▶ [Exercise data]:
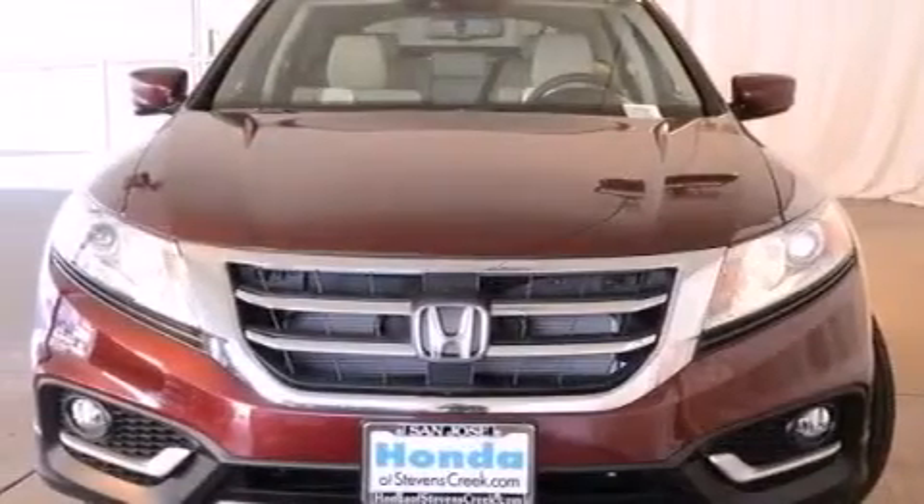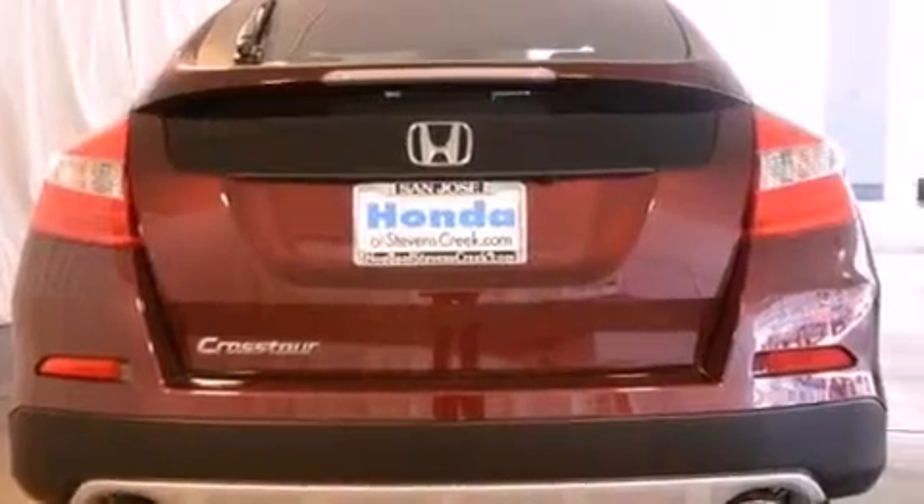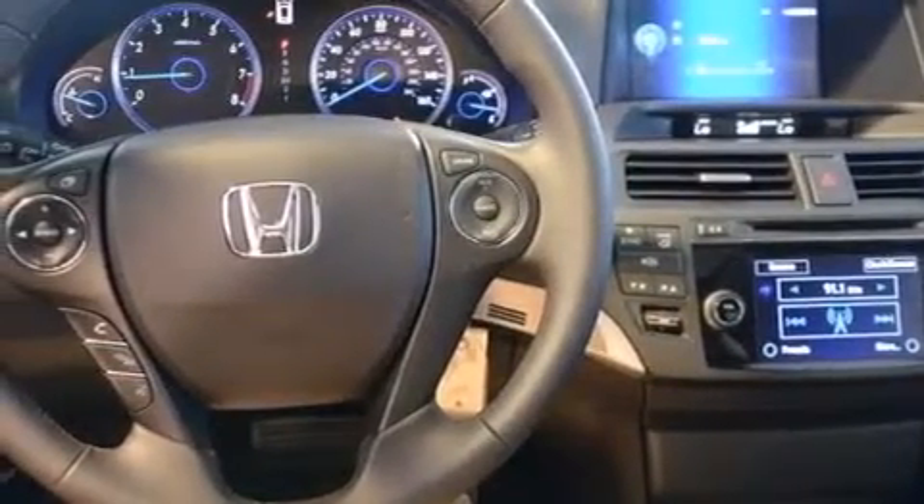All of the following features are included: a power moonroof, air conditioning with automatic climate control, cruise control, a CD player, a leather-wrapped steering wheel, and a passenger-side vanity mirror.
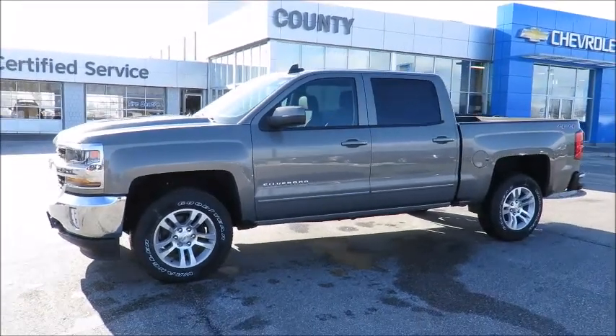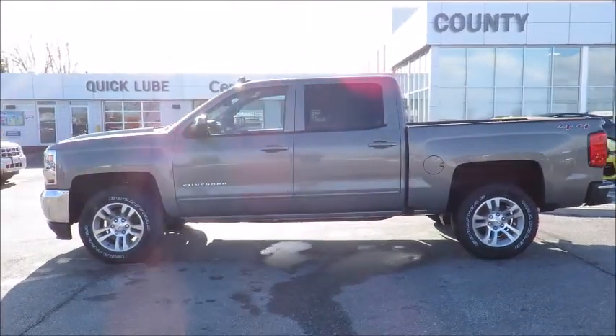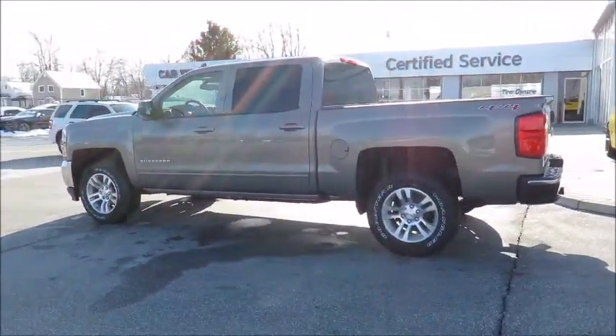Thank you for visiting County Chevrolet in Essex. Here's just one of our latest new models in stock and available for sale now. Great finance and lease rates are on now, along with great manufacturer programs.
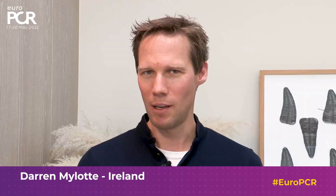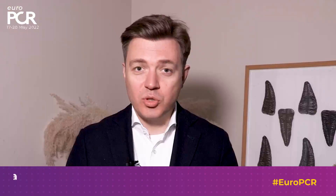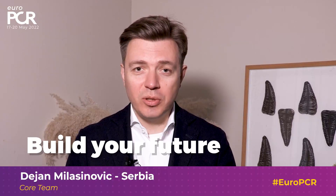Being present at live cases where new techniques and different treatment options are explored amongst peers and discussed — that's really a great learning opportunity. To learn, to share and to do the great networking. To share experiences and to build your future. And of course being together.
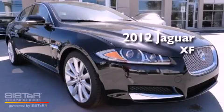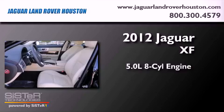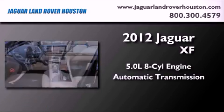This is a brand-new 2012 Jaguar XF. It features a 5.0-liter 8-cylinder engine and an automatic transmission.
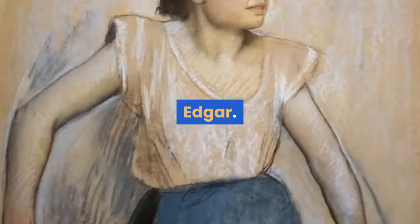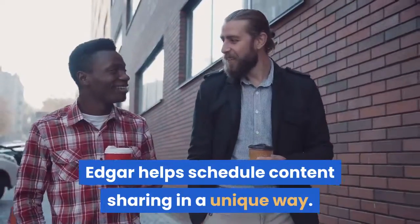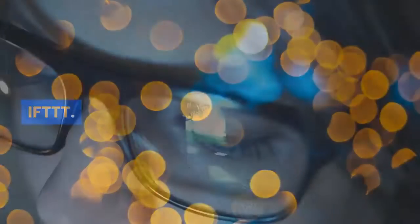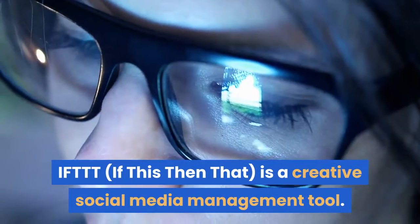SocialCount, Edgar — Edgar helps schedule content sharing in a unique way. IFTTT, or 'if this then that,' is a creative social media management tool.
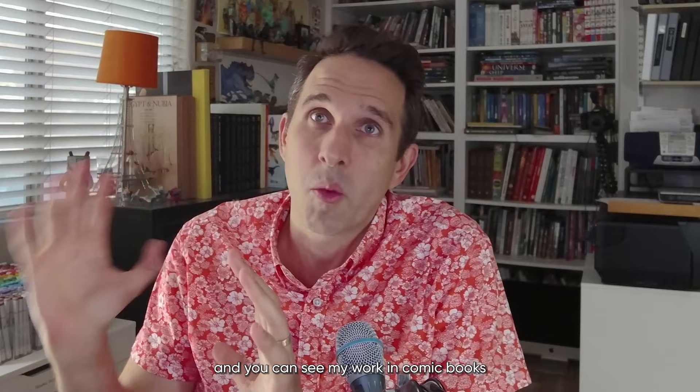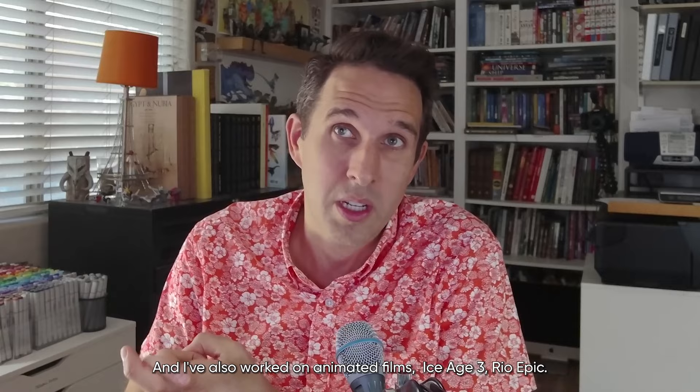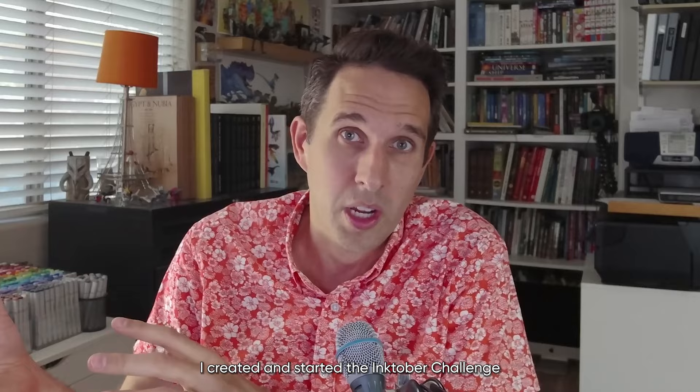If you're new here, I'm Jake Parker. I'm a New York Times bestselling illustrator and you can see my work in comic books — I've done work for Marvel Comics. I've done children's books for most of the major publishers in New York. And I've also worked on animated films: Ice Age 3, Rio, Epic.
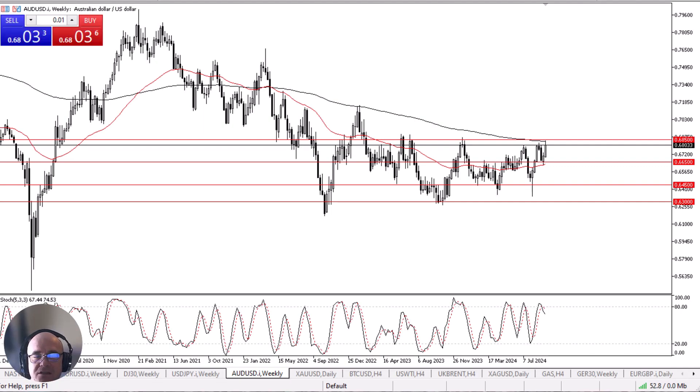On the other hand, if we get a daily close above perhaps 0.69, then I think the Australian dollar really starts to take off and maybe goes looking to the 0.6950 level and then the 0.7150 level.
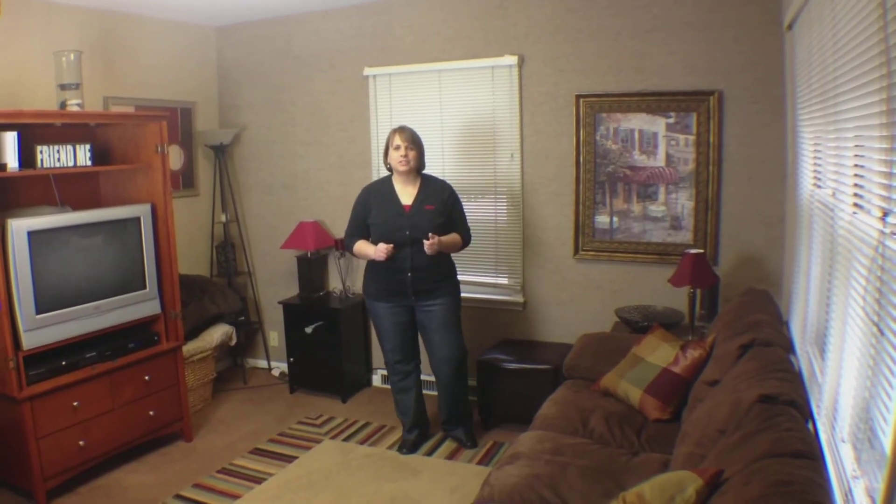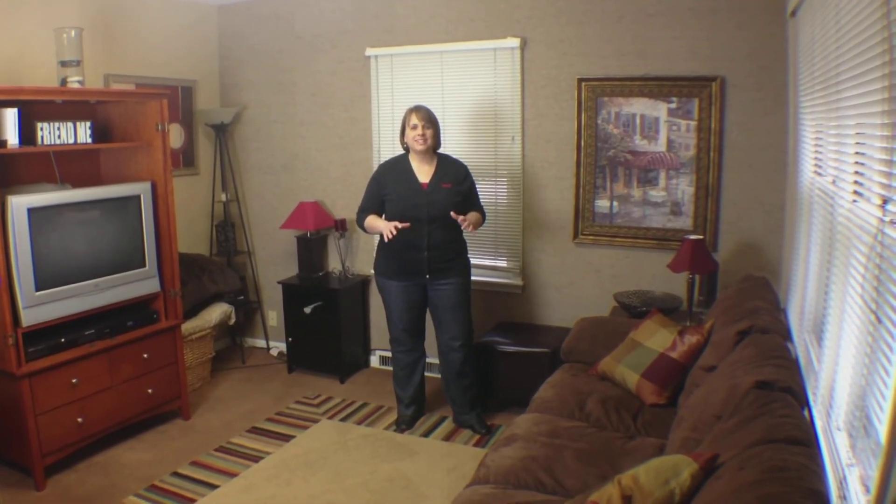This room is truly a versatile space. The current owners are using it as a family room, but it would make a great study or a fifth bedroom. As a bonus, there is a door to the outside, so if you work from home or need a home office space, this would be a great space for you.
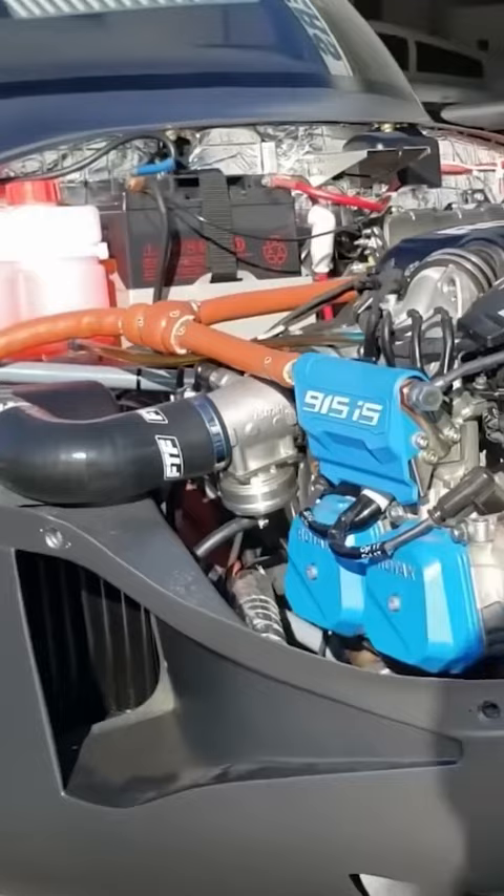The RV-10 is about five knots faster, but it burns five gallons more fuel per hour than the Sling TSI.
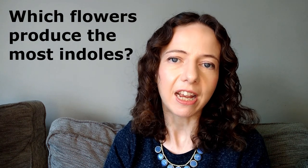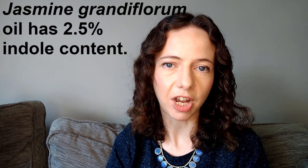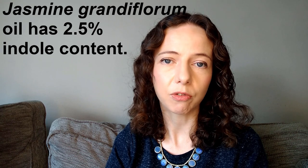So which flowers produce the highest amounts of indoles? The answer most people would give is jasmine — and rightly so, because jasmine has a really high concentration of indoles, and the highest concentration is found in jasmine grown in Grasse in France. If you've smelled indolic fragrance in nature, you've probably smelled it from jasmine flowers. Fun fact: jasmine also shares some fragrance molecules in common with horse sweat, which can give it an animalic touch.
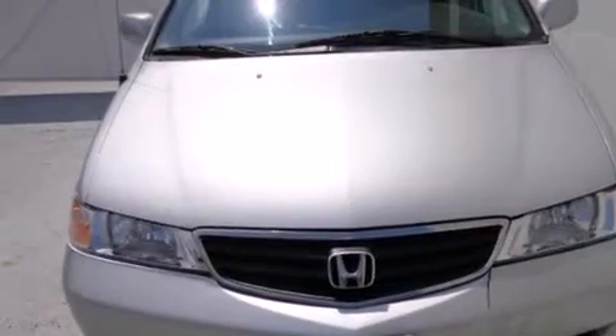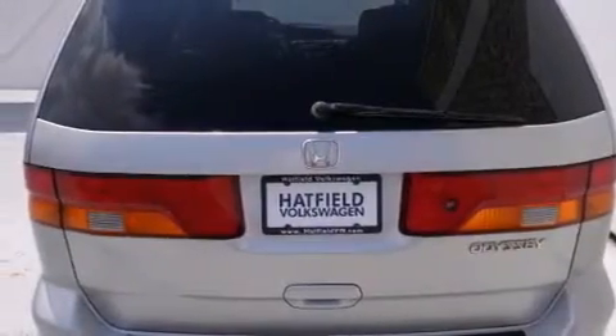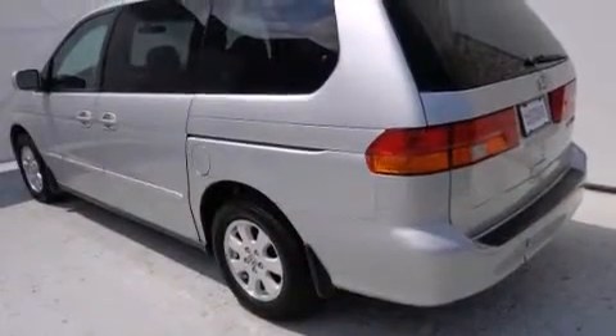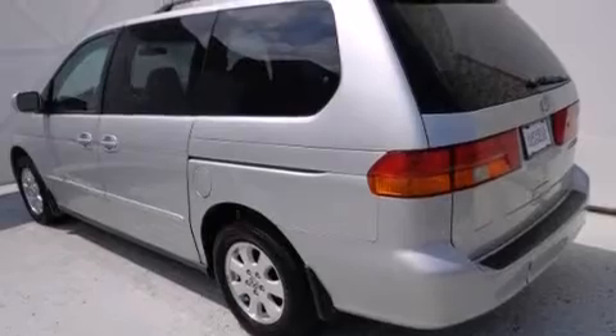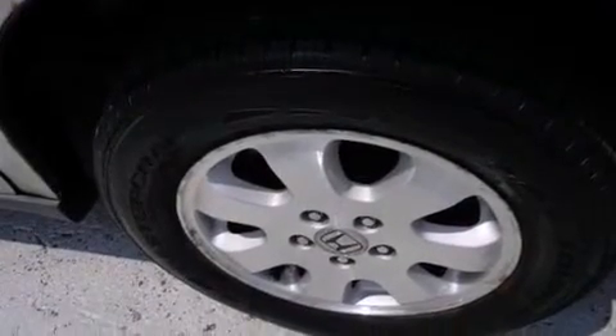Features include a DVD entertainment center, alloy wheels, cruise control, a CD player, a passenger side vanity mirror, side impact airbags, air conditioning with automatic climate control, a split folding rear seat, full power accessories, and the heated seats can warm you up in seconds, keeping you and your passengers comfortable the whole trip.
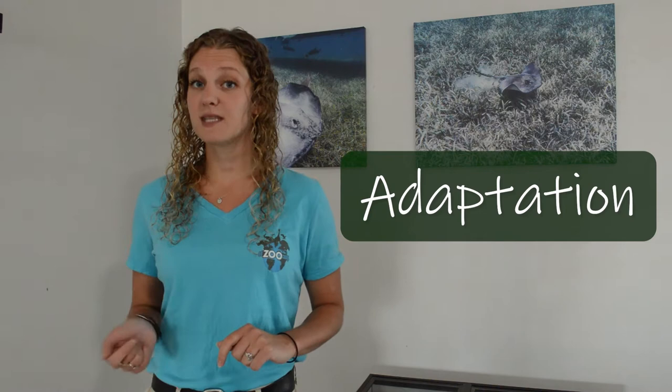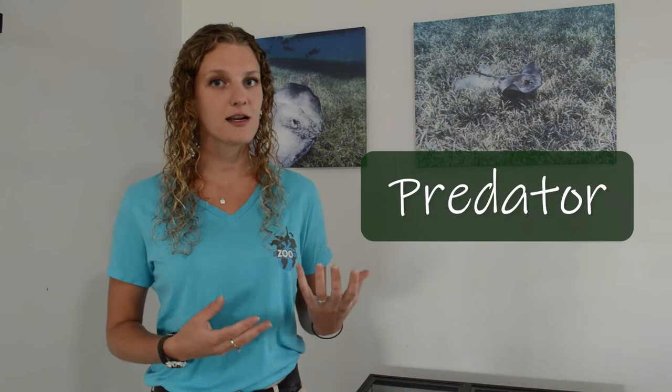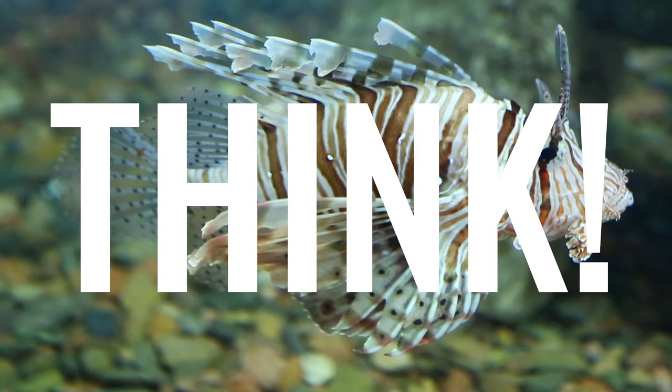Animals use all sorts of different types of adaptations to help them avoid predators. An adaptation is something that an animal has or something that an animal does that helps them to survive in their particular environment. Since today we are talking about how animals avoid predators — and predators are animals that hunt other animals — this is a good time to stop the video and discuss as a class why it's important for animals to adapt to survive predators in their environment.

▶ [What is needed]: Only the lines above starting with the line with "This is a brand-new" and going on through the line with "Features include a" belong in the answer; repeat them exactly, minus any picture.

▶ [Written answer]:
This is a brand-new 2012 Jaguar XF. It features a 5.0-liter 8-cylinder engine and an automatic transmission.
SocialCount, Edgar — Edgar helps schedule content sharing in a unique way. IFTTT, or 'if this then that,' is a creative social media management tool.
If you're new here, I'm Jake Parker. I'm a New York Times bestselling illustrator and you can see my work in comic books — I've done work for Marvel Comics. I've done children's books for most of the major publishers in New York. And I've also worked on animated films: Ice Age 3, Rio, Epic.
On the other hand, if we get a daily close above perhaps 0.69, then I think the Australian dollar really starts to take off and maybe goes looking to the 0.6950 level and then the 0.7150 level.
This room is truly a versatile space. The current owners are using it as a family room, but it would make a great study or a fifth bedroom. As a bonus, there is a door to the outside, so if you work from home or need a home office space, this would be a great space for you.
The RV-10 is about five knots faster, but it burns five gallons more fuel per hour than the Sling TSI.
So which flowers produce the highest amounts of indoles? The answer most people would give is jasmine — and rightly so, because jasmine has a really high concentration of indoles, and the highest concentration is found in jasmine grown in Grasse in France. If you've smelled indolic fragrance in nature, you've probably smelled it from jasmine flowers. Fun fact: jasmine also shares some fragrance molecules in common with horse sweat, which can give it an animalic touch.
Features include a DVD entertainment center, alloy wheels, cruise control, a CD player, a passenger side vanity mirror, side impact airbags, air conditioning with automatic climate control, a split folding rear seat, full power accessories, and the heated seats can warm you up in seconds, keeping you and your passengers comfortable the whole trip.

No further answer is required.